WHAT THE TASK REQUIRES =
Find, in the records below, the line that contains "187 Ruby Ridge" and the line that contains "Tuyau d'huile de frein arrière assemblé". Copy those two lines and everything between them exactly, but not the pictures.
EXTRACTED RECORDS Start Marker
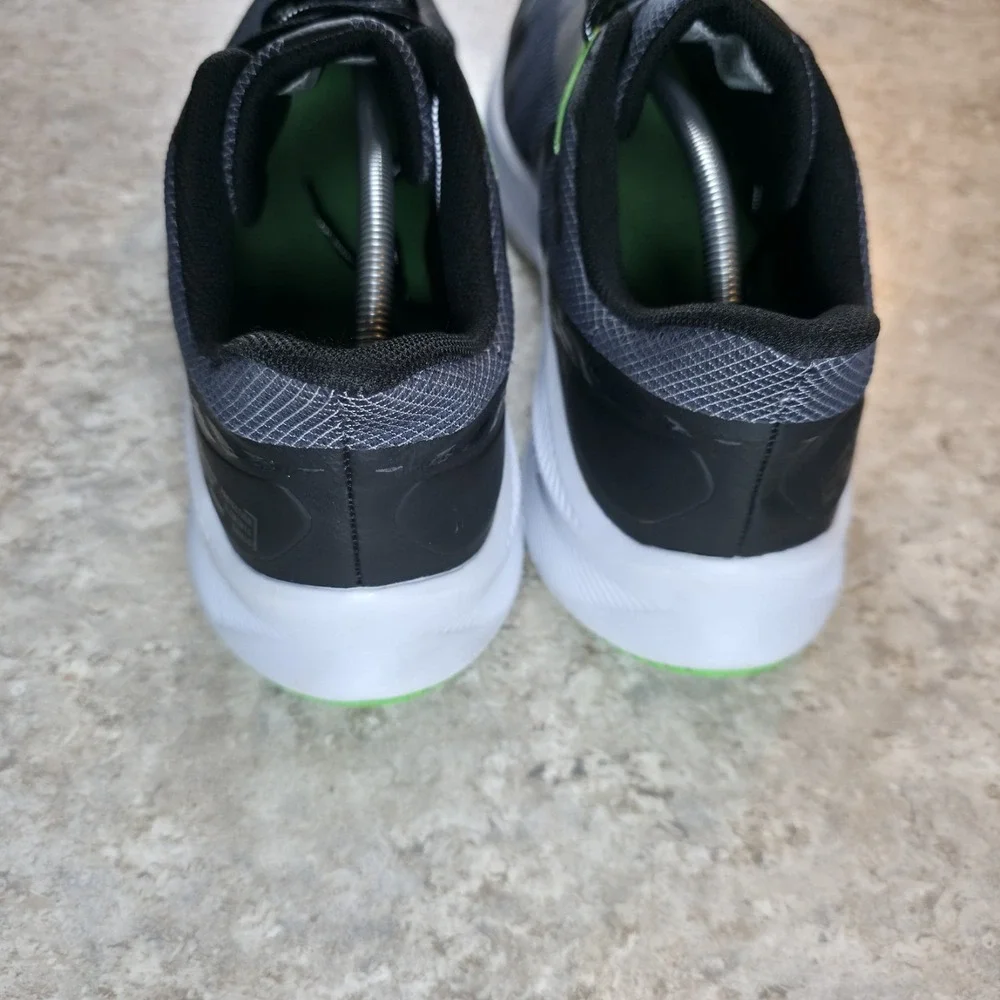 Nike Quest 3 Shield Mens Size 14 Black Obsidian‎ Mist Poison Green CQ8894-010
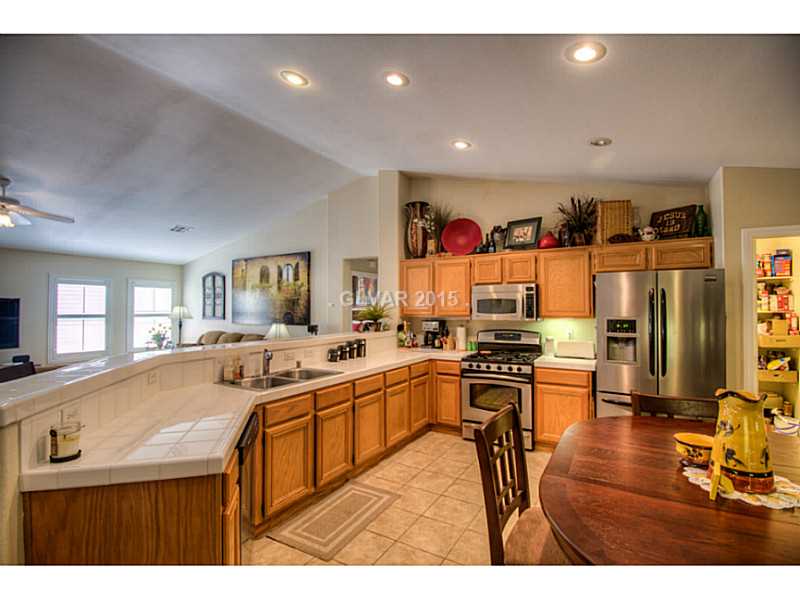 187 Ruby Ridge Avenue Henderson, NV 89002 - Photo 10 of 20 Kitchen.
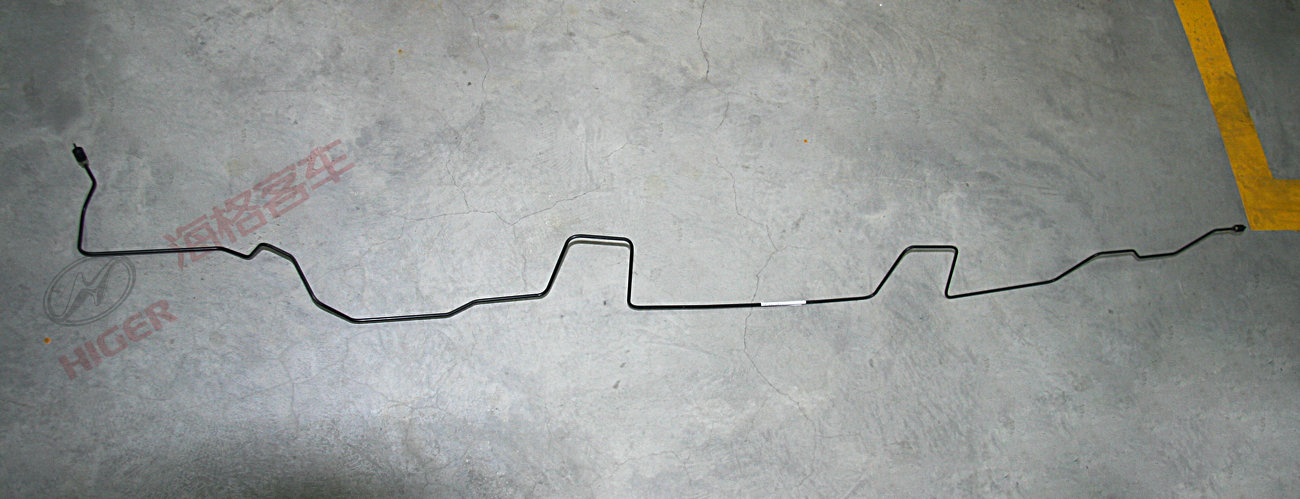 Tuyau d'huile de frein arrière assemblé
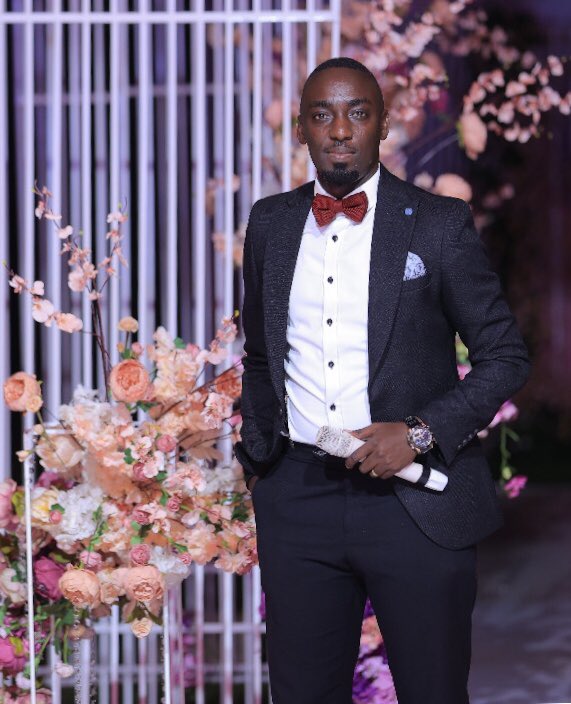 RonnieMcVex's tweet photo. Over time, I have learnt that when you choose to do it different and better every time you have an opportunity, it keeps you relevant and appreciated thus, bigger businesses.
Something new and big coming to Africa and I am much humbled to be part.
#MrGoodNews🎤 #NxtTransit https://t.co/7PNL5eEFKU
EXTRACTED RECORDS End Marker
EXERCISE OUTPUT =
 187 Ruby Ridge Avenue Henderson, NV 89002 - Photo 10 of 20 Kitchen.
 Tuyau d'huile de frein arrière assemblé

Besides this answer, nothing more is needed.